Ouch ... can it be ... is it a trial balloon ... might it work ... will it hurt ... or will people say "as good as gold" regarding the ... RMB ?!
BTW, I think there is precisely zerodotnaught % chance of it happening, because printing is easy, fun, and inexpensive ... but ...
... for discussion sake, as an exercise, if the RMB is pegged to gold, given that the true economy of China is not 1/10 of the US or 1/4 of Japan, but 1/3 to 1/1 of the US based on commodities useage (excl/incl. energy), and if then measured in a commodity based currency, then ... why, gold might zip to USD 1,200-1,500/oz instantly, and progressively move up as USD lands, gently or otherwise, depending on how quickly the stock of BMWs and Range Rovers ages in J6P garages
... and above assumes no other large commodity consuming economy, say gold-loving India, makes a similar bid for the gold.
Speaking of which, I best check inventory of my physicals next week, as any central bank ought to do, polish the bullion and count the bars :0)
P.S. never ever trade the physicals, for it is the financial reset button and the backup disk, all in one.
Golden opportunity for China thestandard.com.hk
Sam Baker
March 21, 2005
A peg to gold would inject flexible market dynamics into the yuan's exchange rate without risking the repercussions of conventional currency adjustment alternatives.
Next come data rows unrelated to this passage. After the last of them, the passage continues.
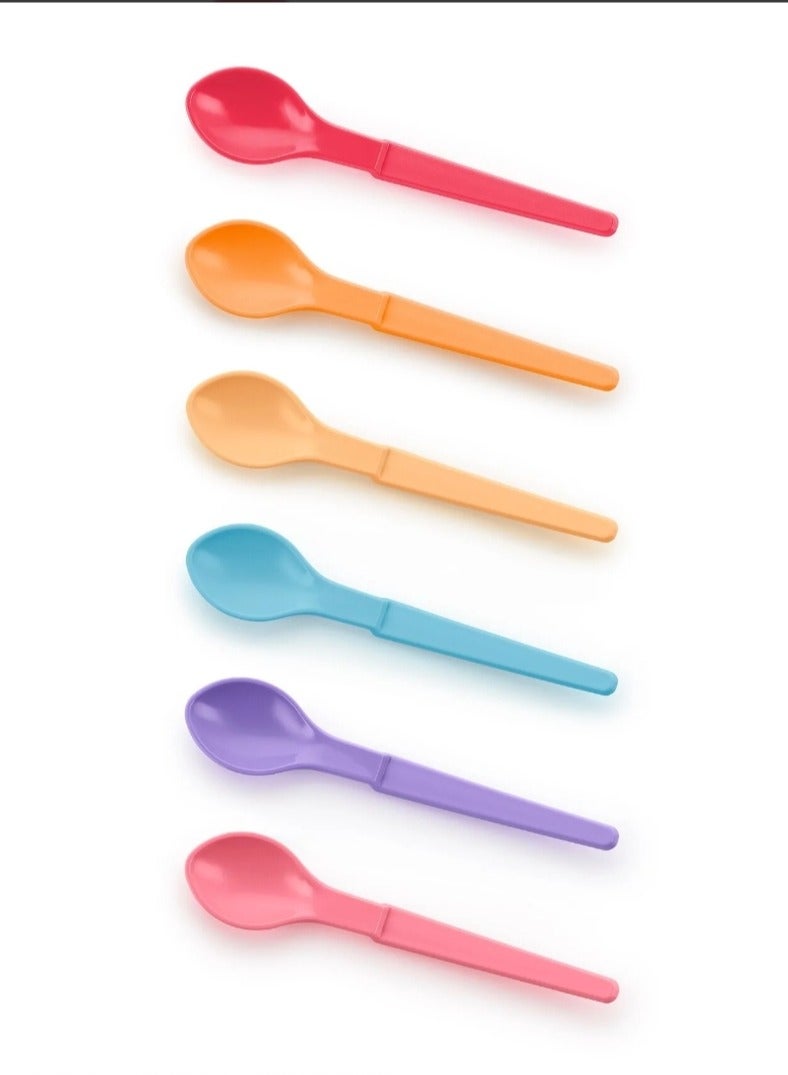 Tupperware Small Spoons (6) - Image 1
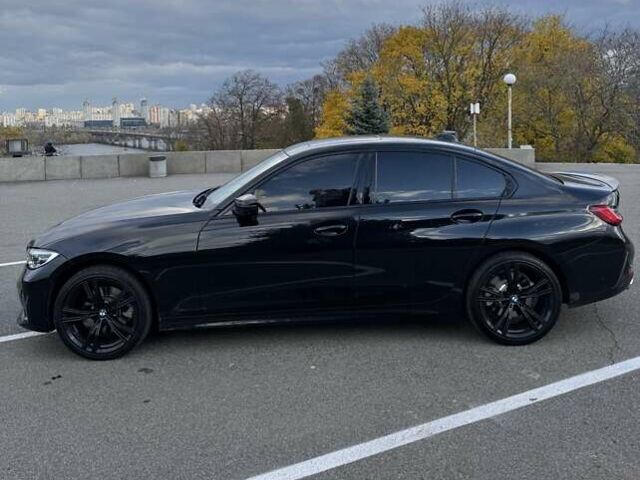 БМВ 3 Серия 2021 в Киеве на Automoto.ua Черный БМВ 3 Серия, объемом двигателя 2 л и пробегом 72 тыс. км за 33500 $, фото 3 на Automoto.ua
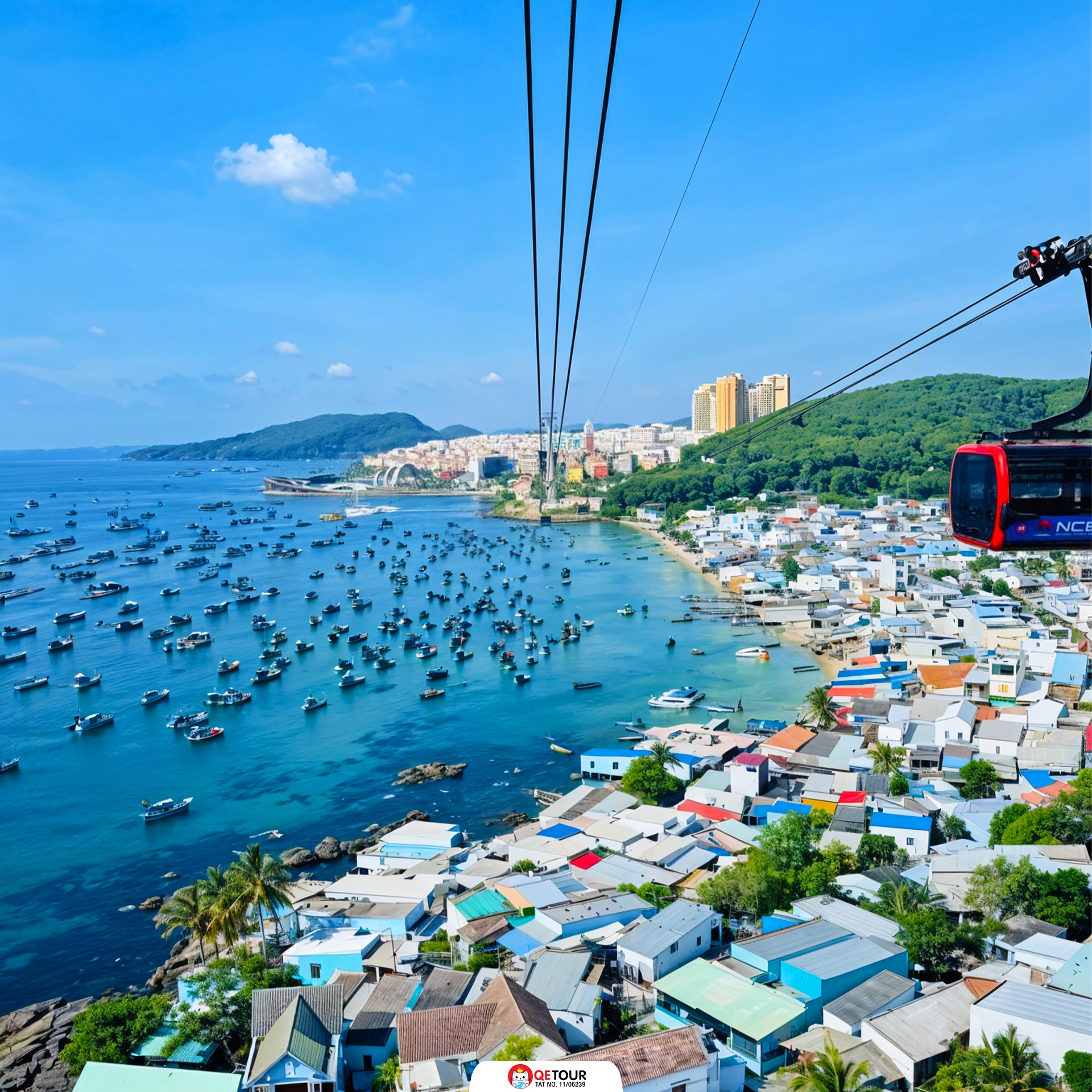 กระเช้าทะเล hon thom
AP
Under the best circumstances, a transition from a fixed exchange regime to a flexible one is not easy. Within the context of China's unique political and economic environment, its top leaders face an especially difficult set of challenges that continue to conspire against a feasible exit plan for the yuan's de facto peg to the US dollar.
Authorities have exacerbated this dilemma by repeatedly promising not to adjust the currency under pressure by foreign powers (read: the United States) or by currency speculators (read: illegal hot money inflows). The record US trade deficit in November and China's record foreign exchange accumulation through the end of last year suggest such pressures are unlikely to evaporate in the foreseeable future.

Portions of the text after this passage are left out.